I’ve been working out and dieting long enough to know that everyone and their grandmother have a theory of how to get good at a specific sport. I’ve recently read Moneyball (a book about analyzing data to maximize a baseball team’s potential) and it’s just another reminder that the conventional wisdom is often wrong.
So, no matter what you believe is the best way to get good at jiu jitsu, make sure you add a healthy dose of doubt to that every once in a while. Ask yourself if there is something else you can be doing to achieve your goals in the sport.

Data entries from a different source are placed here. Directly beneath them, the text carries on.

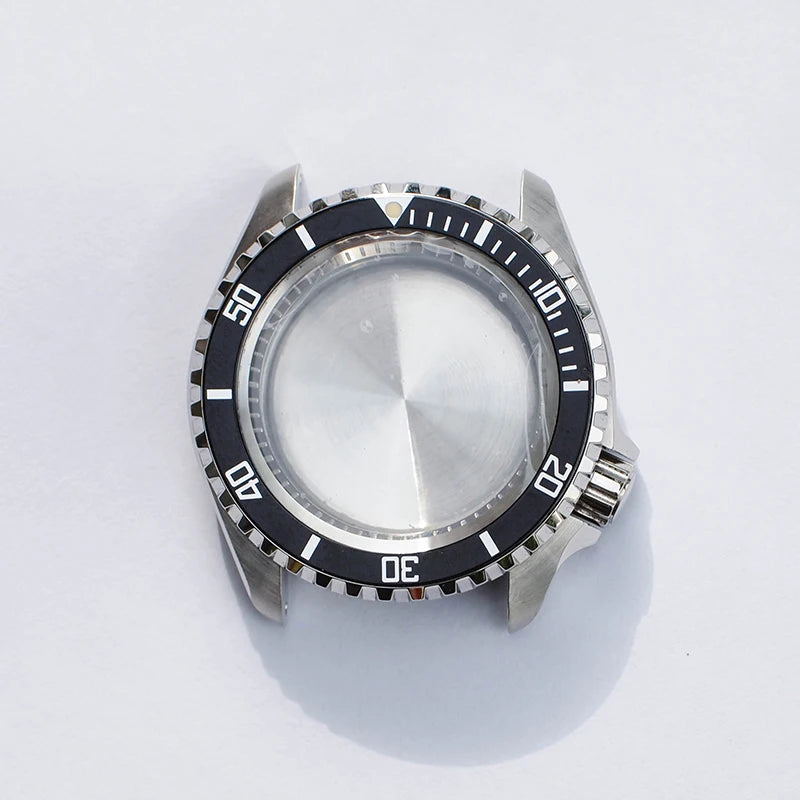 SKXHouseWatch-Silver Watch Case for Men's Dial, Repair Parts, Movement, NH35 NH36 4R 6R 7S, 28.5mm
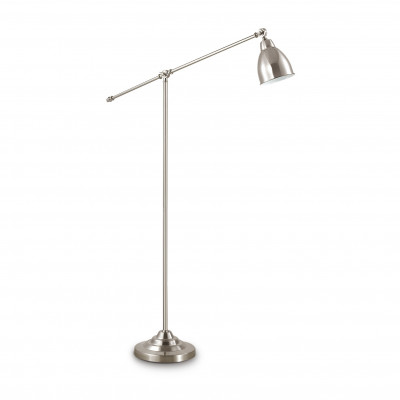 Ideal lux Newton Piantana in metallo con braccio regolabile e diffusore orientabile Colore: Nichel
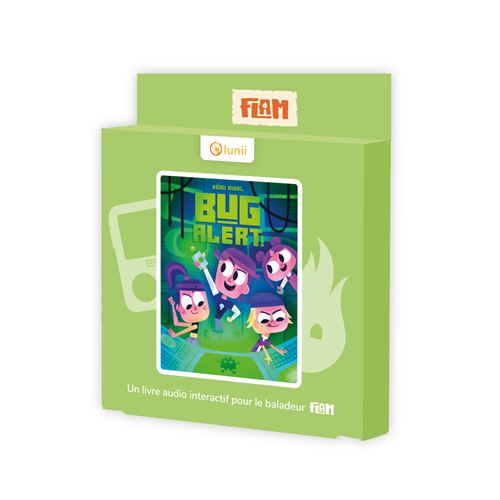 Livre audio Lunii Flam Bug Alert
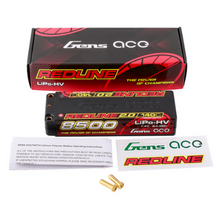 Gens Ace 8500mAh 2S1P 7.6VHardCase 58# Redline 2.0 Series Lipo Battery With 5.0mm Bullet GEA85002S14D5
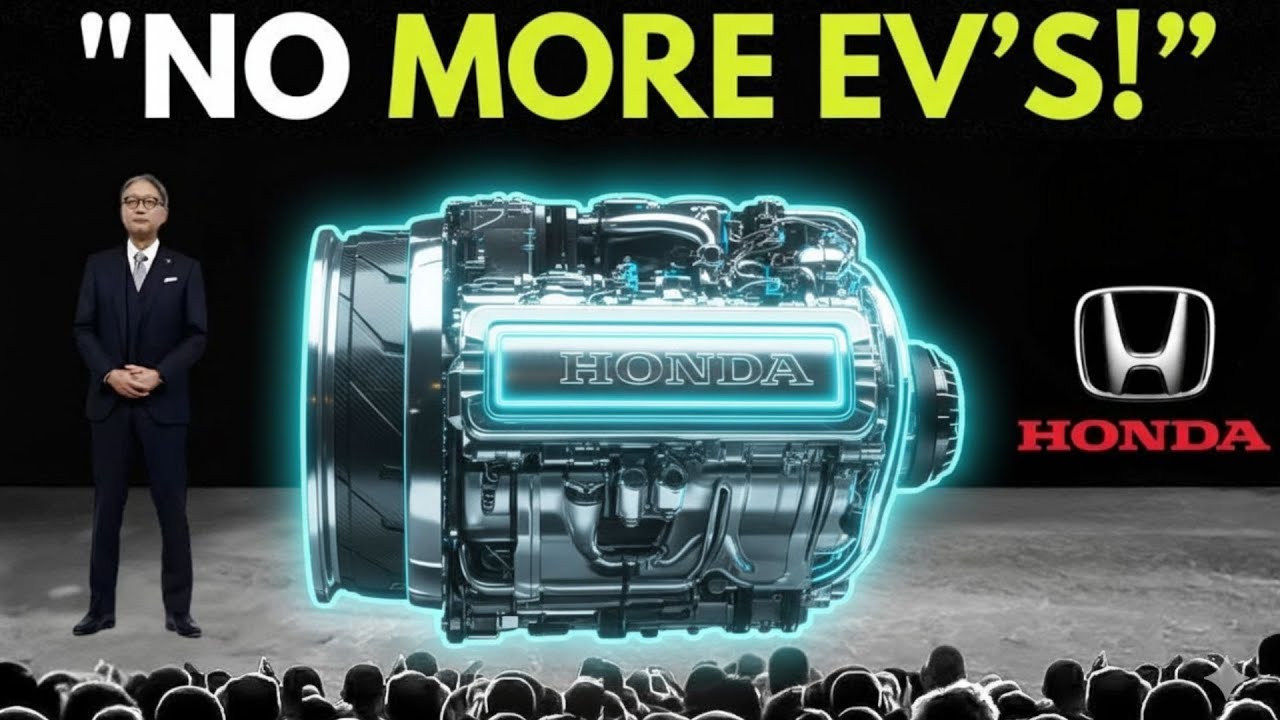 Honda CEO: This NEW Engine Will Destroy The Entire EV Industry! - YouTube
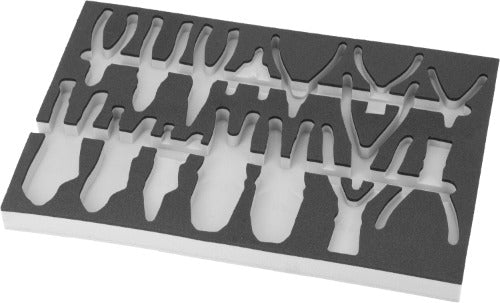 Tool Tray; Empty Foam Tray For 3621-WW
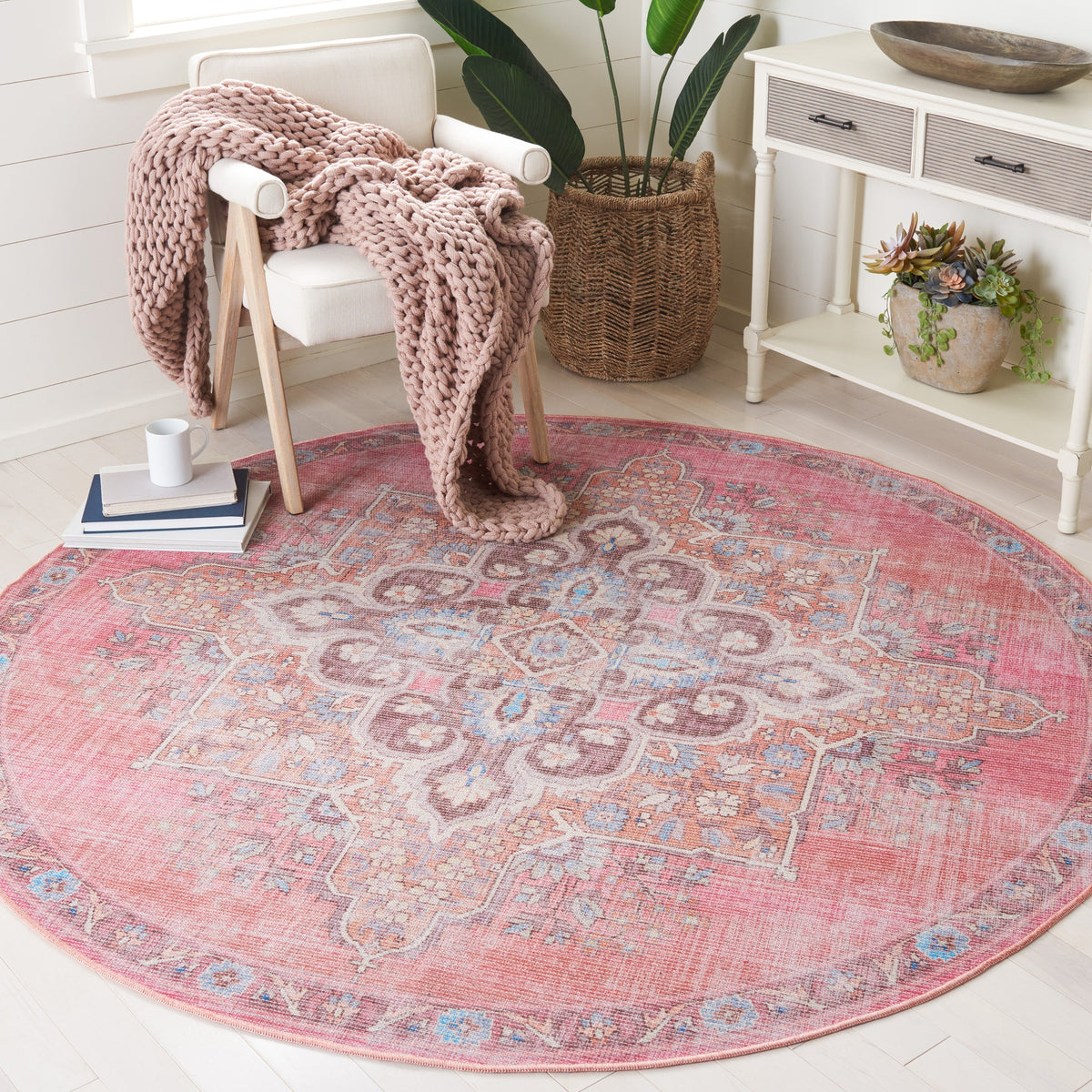 Safavieh Serapi Sep580U Pink/Beige Rugs.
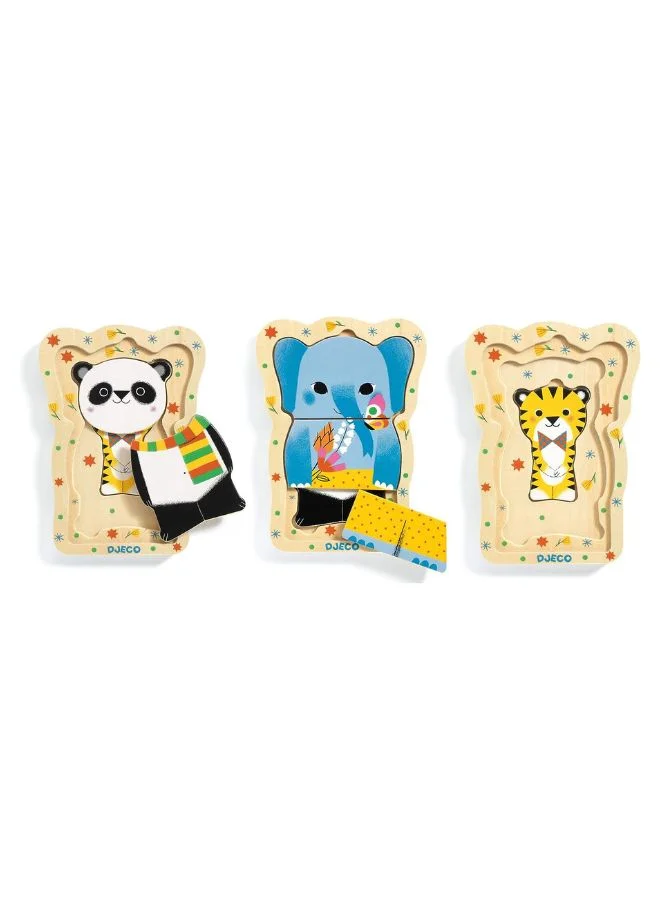 DJECO Lucky & Co Wooden Puzzle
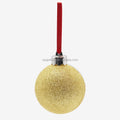 EAGLE GIFTS 80mm Personalized Gold Glitter Xmas Decor Bauble Ornaments Christmas Ball Round Shaped Photo Bauble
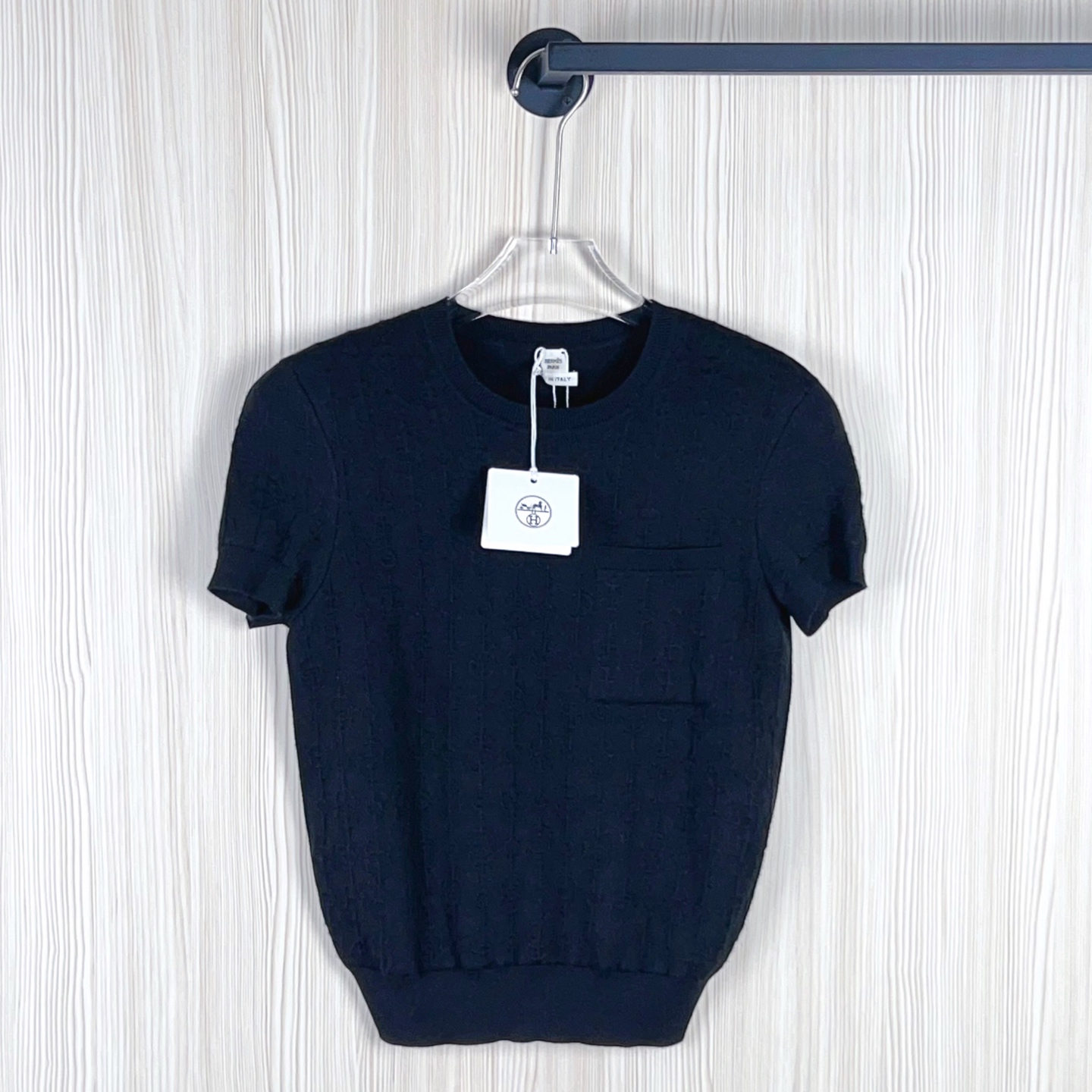 未使用 Hermes/爱马仕 短袖尺码38成色看直播 GSH1797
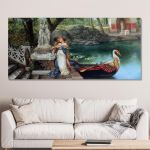 Canvas print Following the example of the gods, Henryk Siemiradzki panoramic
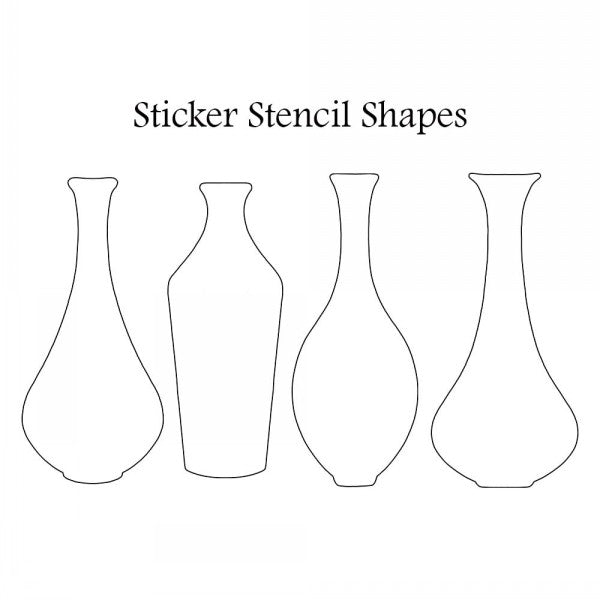 Lavinia Stamps Sticker Stencils 11 Bottle Shapes lsss011 product image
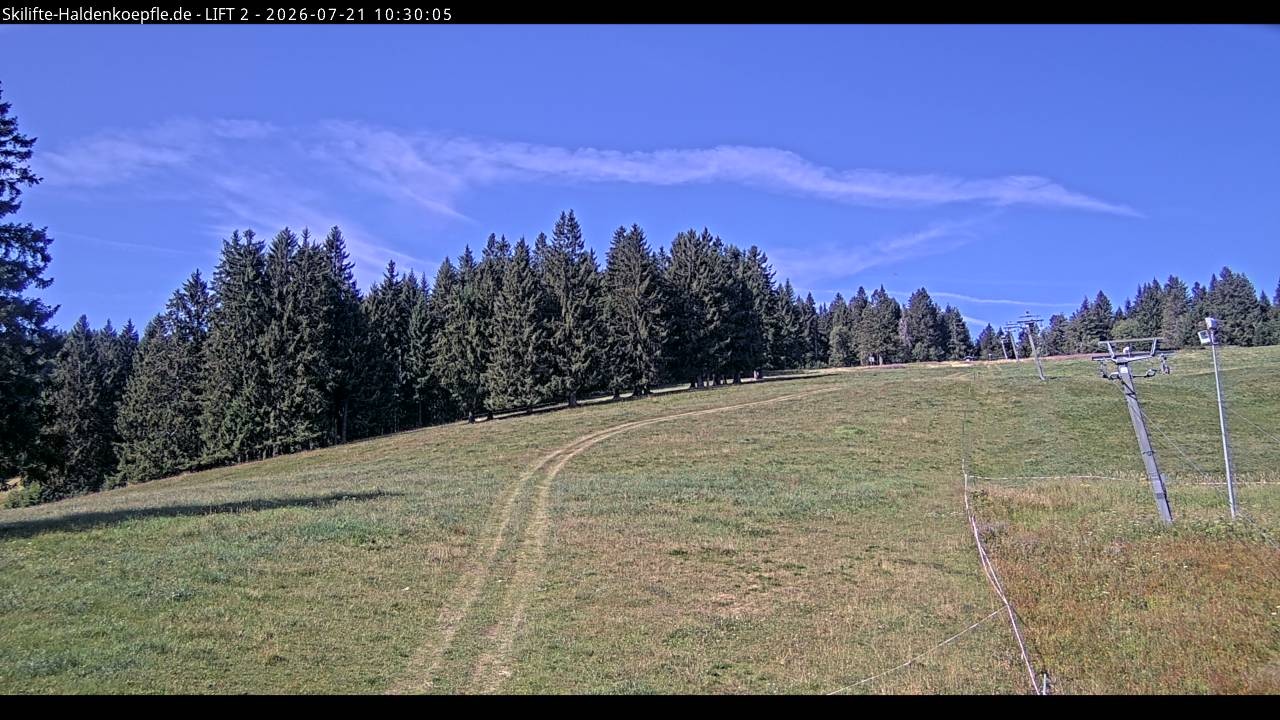 Archiv Foto Webcam Haldenköpfle - Blick zu Lift 2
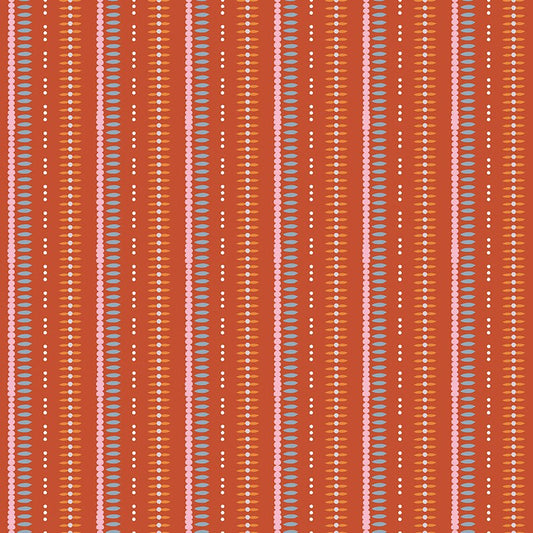 Riley Blake Heartsong Stripe Rust C11305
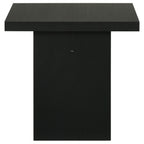 Decker Square Occasional Side End Table Natural Oak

Anyway, I say all that because I believe drilling technique is the best and fastest way to improve at jiu jitsu. There are a lot of ways to drill, so it’s always good to experiment with different ideas. But progress doesn’t come from a couple minutes of drilling here and there. Progress comes from the regular accumulation of thousands of reps. At least that’s what I believe.
Here are some details about how I like to drill:
- Develop a system of techniques that you want to get good at this year. Example: ankle pick takedown, stack pass, back take from side control, rear naked choke. There should be a bunch more to fill out all the major opponent responses and situations you may be put in. I have about 8-10 techniques that I focus on (and about 20 around those that I keep in mind and pull out occasionally). You will drill these 8-10 techniques for the next several months. This is a commitment!
- Take 2-3 techniques for a 1 hour drilling session.
- Use an interval timer set for 2 minutes. Use each 2 minute period to focus on one technique, both right and left versions.
- Start slow, but increase speed and pressure as you get better and better over a period of several months.
The challenge, as with everything in life, is to find a group of good people to drill with. It’s a constant struggle, but I hope by the time I’m a purple / brown belt, I’ll find a good rhythm with a close knit group of guys and be able to get a lot of drilling in every week. A good partner is one who is also obsessed about drilling, knows the value of it, and is able/willing to show up regularly to drill when they feel like it or they don’t. Also, he/she should be able to correct you when mistakes are made, provide proper responses and resistance, and work around any injuries you might have.
A lot of what I know about drilling comes from my own experimentation and from conversation with proponents of drilling like Gianni Grippo (from whom I was lucky enough to get a ton of advice recently about drilling). Here’s Gianni speed drilling a couple of techniques:
To many people this seems utterly boring. To me it’s super fun. Because what I enjoy is not the drilling, but the progress I make on the long road to mastering a technique. One of the pleasures of jiu jitsu is effortlessly pulling off a technique in competition that you’ve drilling for hundreds and thousands of reps.